I am dedicated to the mission of learning something every single day. Often I get a small insight into some relationship of minor long-term significance, but I never know its value either in the present or possibly in the future.

Was April 17, 2015 important?

One of my many advantages is that I am part of a loosely connected group of formerly senior securities analysts, portfolio managers, chief investment officers, institutional sales people and technical market analysts. We physically meet most months and we are in electronic communications daily. Last Friday, starting with the Chinese markets, global markets fell sharply. For a number of US portfolios the decline in one day wiped out the entire gain earned on a calendar year to date basis. I asked this group of former investment professionals if this drop was important or just a momentary blip. I broke the question into five parts which may or may not be related as follows:

1.  As we already knew many Chinese like to speculate, particularly with the new margin borrowing facilities. Can this kind of trading bring global markets down?

2.  Changing market regulation does not encourage liquidity when in short supply. Does the impact of various “To Big to Fail” measures to protect banks, and firms, (but not investors) actually raise transaction costs indirectly charged to investors? In periods of stress many deal with the absence of sufficient liquidity to bid for it by lowering offer prices contributing to the decline.

3.  There is no such thing as a totally fail-safe electronic system, no matter how many back ups. Those who were not too inconvenienced by the Bloomberg system being down for a few hours remembered how to use other devices; e.g., telephones, Reuters, and actual pencils and paper. Total reliance on new technology, as those of us why fly in planes know, can produce unhappy results. In the end and under stressed conditions the market has a place for human talent. Did the temporary halt of an electronic system materially hurt investors?

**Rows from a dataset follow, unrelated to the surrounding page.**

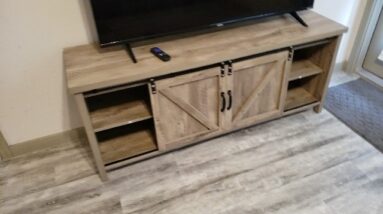 EASY SLIDE - Review of Rustic Barn Door Tv Stand Review Unboxing Catrimown Demo Test
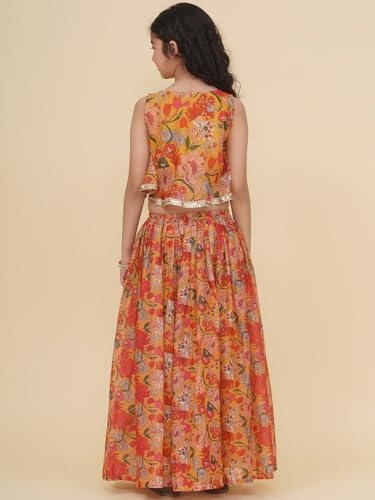 Bitiya By Bhama Girls Yellow Floral Printed Crop Top With Palazzo(GCS0525E01_15-16y)
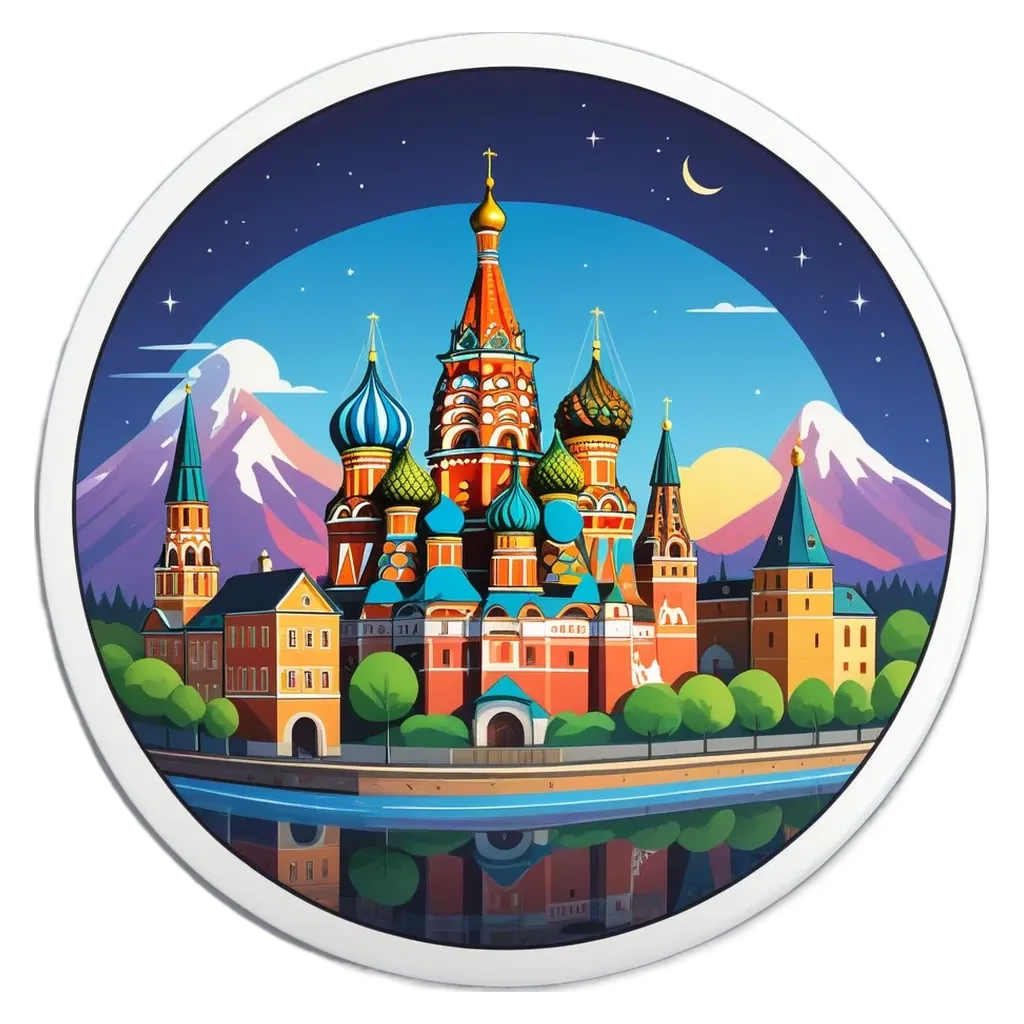 A cathedral with a river and mountains in the background.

4.  The single day decline was not effectively captured by the volatility measures that some use as a measure of risk. Should investors not use volatility to measure the daily risk to their portfolios, but instead the depth of buy orders?

5.  Toward the end of the US trading day Friday, the size of the decline was cut significantly. Was it just a factor that there were not any new flows of sell orders hitting the market, or were there bargain hunters? Were buyers primarily long-term investors or just refreshed speculators?

Investment lessons from World War II

In a recent book review that covered the enormous contribution General George C. Marshall made to both the war effort and the European economic recovery after the war, there was a discussion that General Marshall, who at the time was US Army Chief of Staff, was not given the command to lead the allied forces for the European invasion.  There was no question by training and respect he was the logical choice, but FDR choose General Dwight Eisenhower*, a relatively junior officer for the job. There were lots of reasons for this choice, not the least is that Ike was more likely to be able to get along with the difficult British (then) General, later Field Marshall, Montgomery. Understanding this decision process I can appreciate Steve Jobs’ choice of Tim Cook to lead Apple** after he was not able to continue. Jobs did not choose someone with similar skills as his in terms of creative designs but rather someone who had a very different set of capabilities, which was the development and management of the supply chain.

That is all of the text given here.